その他にも、スーパーマイクロフィルターやウルトラマイクロフィルターという目に見えないほどの小さな滓や菌までもを取ってしまうフィルターもあります。活性炭ほど香りは取れないので、吟醸酒や仕込水にこれを通してきれいなお酒を造る蔵もありますね。

透明だったお酒を貯蔵すると濁ってくる?

こんな事例があります。きっちり栓をしている瓶でお酒を貯蔵中、詰めた時は確かに透明だったが、しばらく置いていると白くモヤがかかったように濁り始めた......さて、原因は何でしょう?

お酒の濁っているところを別の容器に取り分けて、60℃程度まで加熱します。ここで濁りが消える場合、これは「タンパク混濁」と呼ばれる現象です。

麹の糖化酵素が変化しタンパク質となり、お酒の中に現れます。普通は滓下げする段階で取り除けるのですが、麹菌が麹の内部まで入り込んでいるような、よく破精させた麹で造ったコクの強いお酒の場合に発生しやすい現象です。

一方、加温してもモヤが消えなかった場合はどうでしょう?

ひとつは「滓」。米の細かい粒と考えれば、滓は加熱したところで消えませんね。もう1つが「火落ち」です。

火落ち菌が発生したお酒の写真

火落ちと呼ばれる現象では、お酒に菌が入ることで、その風味を変えてしまいます。

この菌はよく「火落菌」と称されますが、乳酸菌の一種であるとわかりました。15%以上のアルコール度数にも関わらず、お酒に残っている糖をエサにしぶとく増えます。
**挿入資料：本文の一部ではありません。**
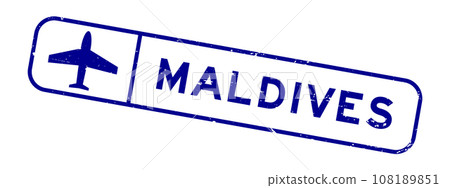 Grunge blue maldives word with plane icon square rubber seal stamp on white background Grunge blue maldives word with plane icon square rubber seal stamp on white background 108189851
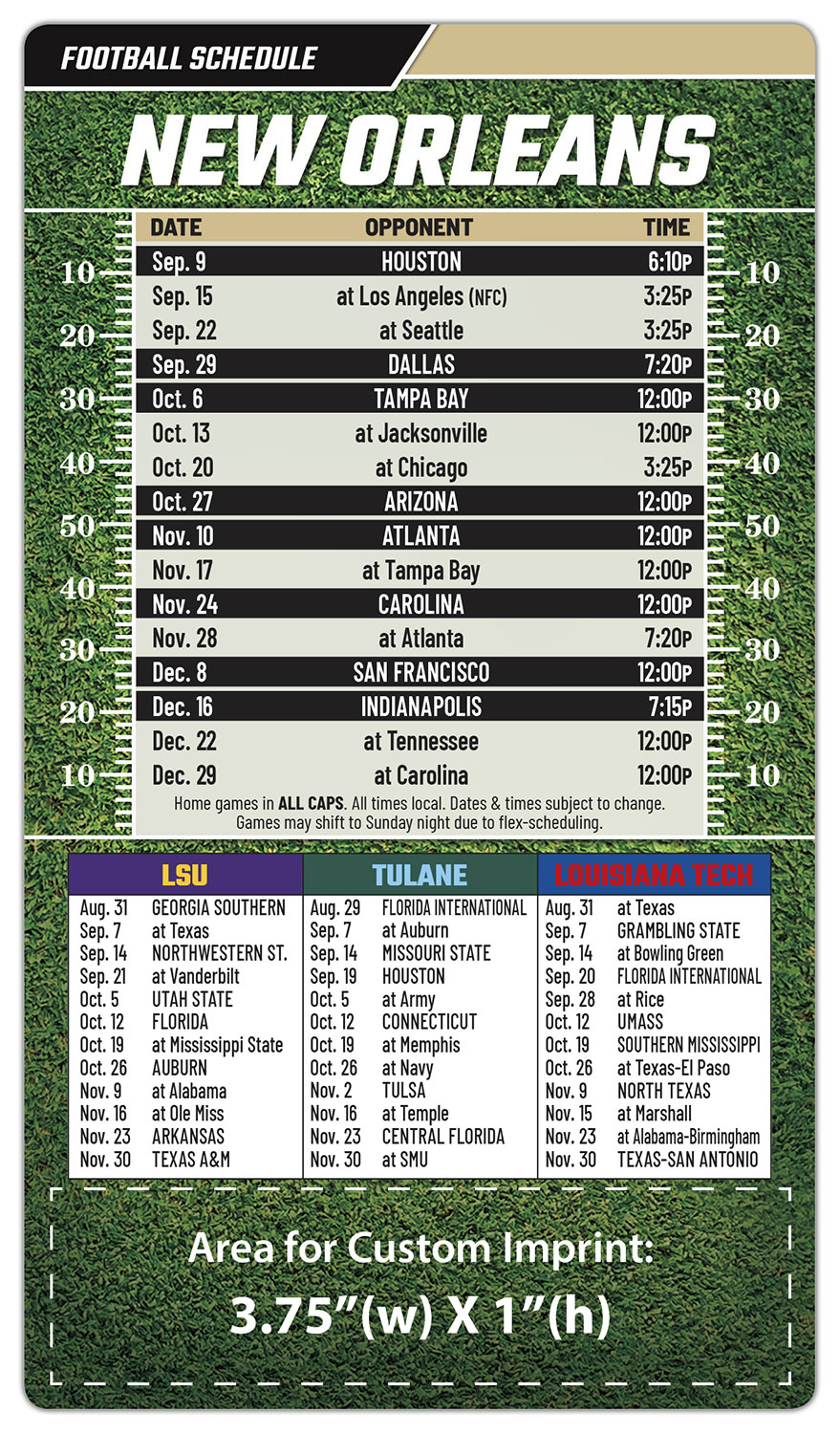 Magnet Football Sport Schedules - 4x7 Round Corners 2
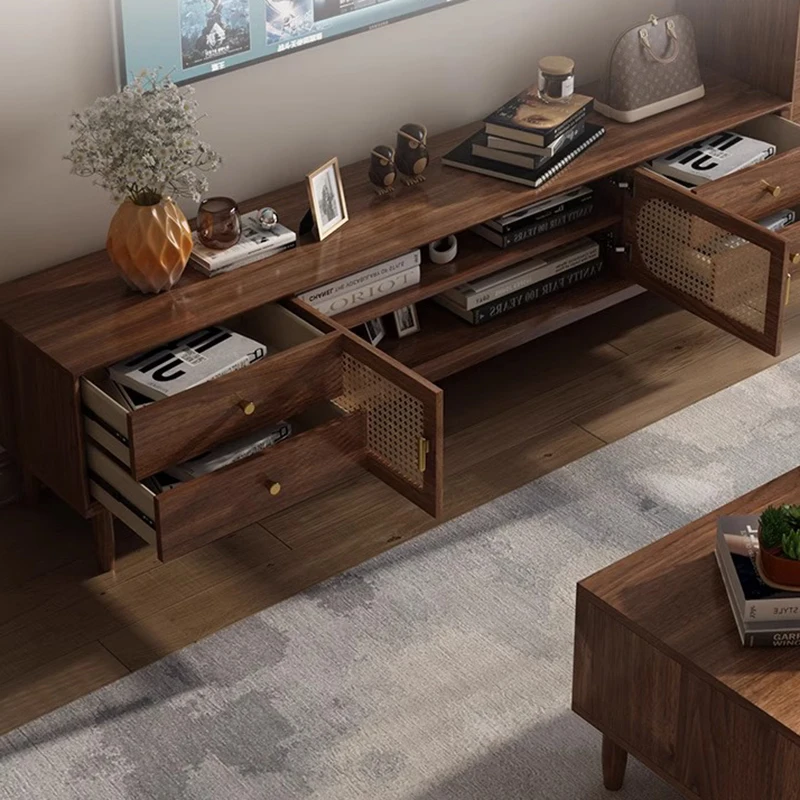 

Современный минималистичный шкаф для телевизора из ротанга в скандинавском стиле, подходит для гостиной, для домашнего использования, шкаф для телевизора из массива дерева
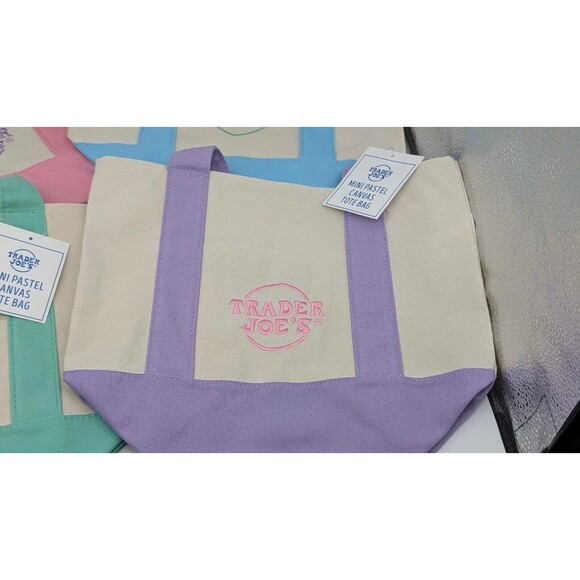 Trader Joe's Pastel Mini Canvas Tote Bags 2025 Limited Edition NWT Easter - Picture 2 of 5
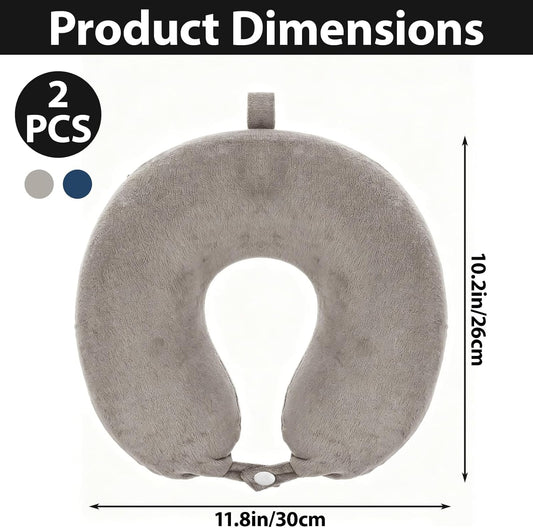 2 Pack Replacement Travel Neck Pillow Covers, U Shaped Travel Pillowcases with Zipper, Washable Soft Plush Fabric, Universal Fit for Most Travel Pillows, Gray and Navy Blue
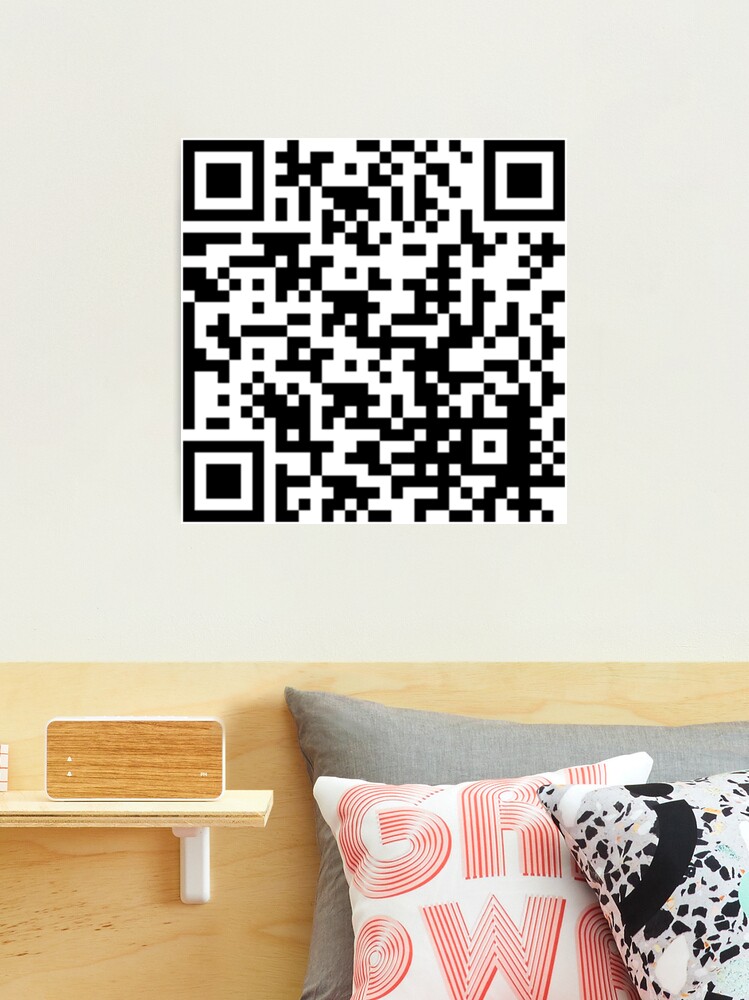 rick roll qr code square sticker, Zazzle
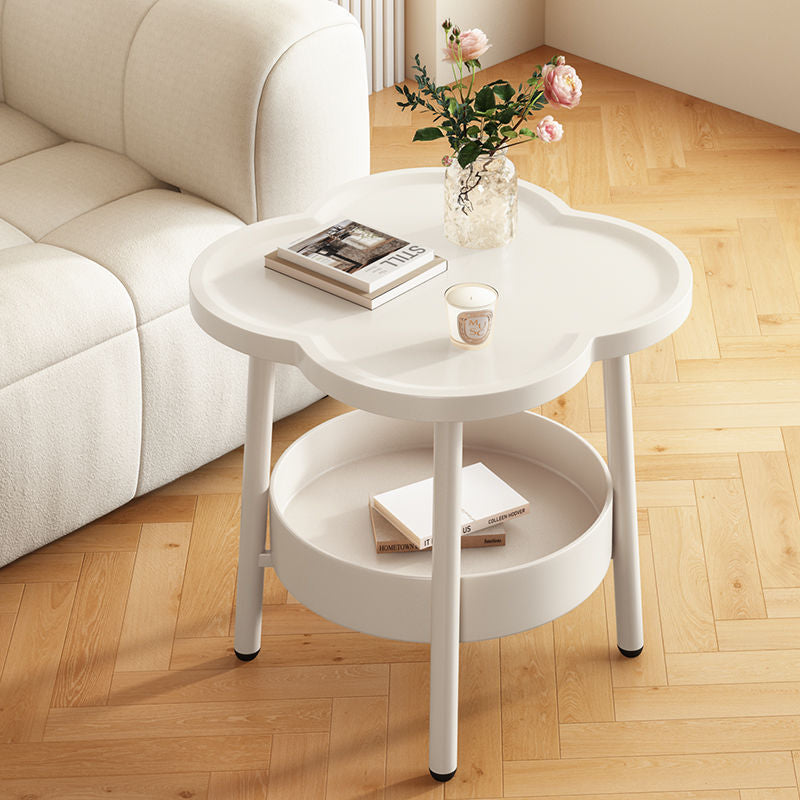 Cream style side table movable bedroom bedside table storage rack for home living room round table creative coffee table sofa side cabinet
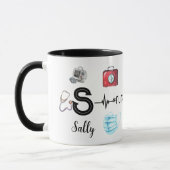 Mug Infirmière personnalisée Stethoscope Monogramme Mé (Gauche)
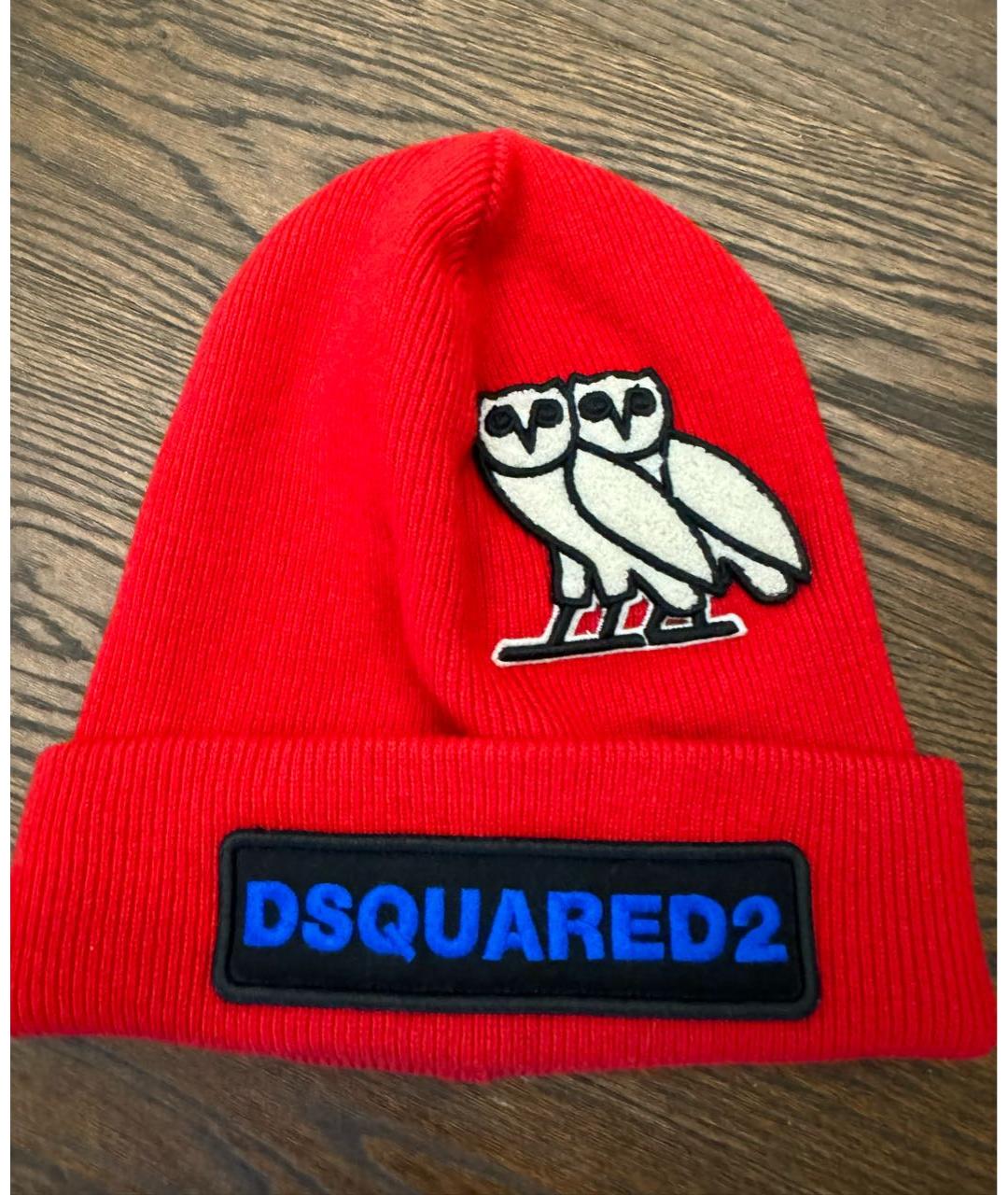 DSQUARED2 Красная шерстяная шапка, фото 5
火落ちしたお酒は粘り気のあるモヤがかかり、きき酒すると誰でもわかるほど変質しています。

原因は火入れでの温度不足やリサイクル瓶の洗い不足、キャップの汚れ、あるいはタンクや道具の洗浄不足です。開けたてのお酒で火落ちが発生していたら製品の不備ですが、開けた後、保管中に発生することもありますので要注意です。

最近は、徹底した衛生管理を行なっているので減ってはいますが、なんとこの火落菌、進化しています。お酒を濁らせない乳酸菌や香りがわかりにくい乳酸菌による汚染が酒蔵で出ている例も聞こえてきているのです。

これに太刀打ちするのも、やはり衛生管理に限ります。作業前に漬物やヨーグルトを食べないことや道具を良く洗うことが蔵人には求められるのです。

タンクに入ったお酒をタメシ桶に淹れている写真

ところで、日本酒の定義には「濾したもの」とあるものの、巷では「無濾過」と書かれた商品も多く販売されています。一見矛盾しているようですが、なぜでしょう?

これは、お酒を搾る時が「濾す」ことにあたるから。大抵の「無濾過」と書かれたお酒は「搾ったあとの濾されたお酒に炭濾過をしていないこと」を意味しています。

瓶詰後のお酒に異物混入はないか検査している写真

お酒を瓶に詰めたあとは、目視によるチェックも欠かせません。詰め作業を行った数千本が断続的に流れてきます。そこで瓶を傾けたりしながらゴミをチェックしていくのです。ゴミの大きさは1mm以下の場合もありますが、毎日見ていると慣れてきて容易に見つけることができるようになります。

蛍光灯を背景に、光に透かしながら詰めたお酒を傾けて瓶内に水流を作ってやると、泡は流れに沿って浮きますが、ゴミはふわっと沈殿したりするのが見えます。繊維辺は反射率が違いますからそれで見分けることもできます。この微妙な差を検査で見極めていくのです。大手の酒蔵では検査器を通すことで、このような検査を行っているところもあるそうです。

このように、醪の状態からたくさんの作業を経て透明に近づいていきます。労力はかかりますが、やっぱりきれいな照りがあって、透明感のあるお酒は見た目にも美味しいですよね。飲む前にちょっとだけ、見た目も楽しんでみてください。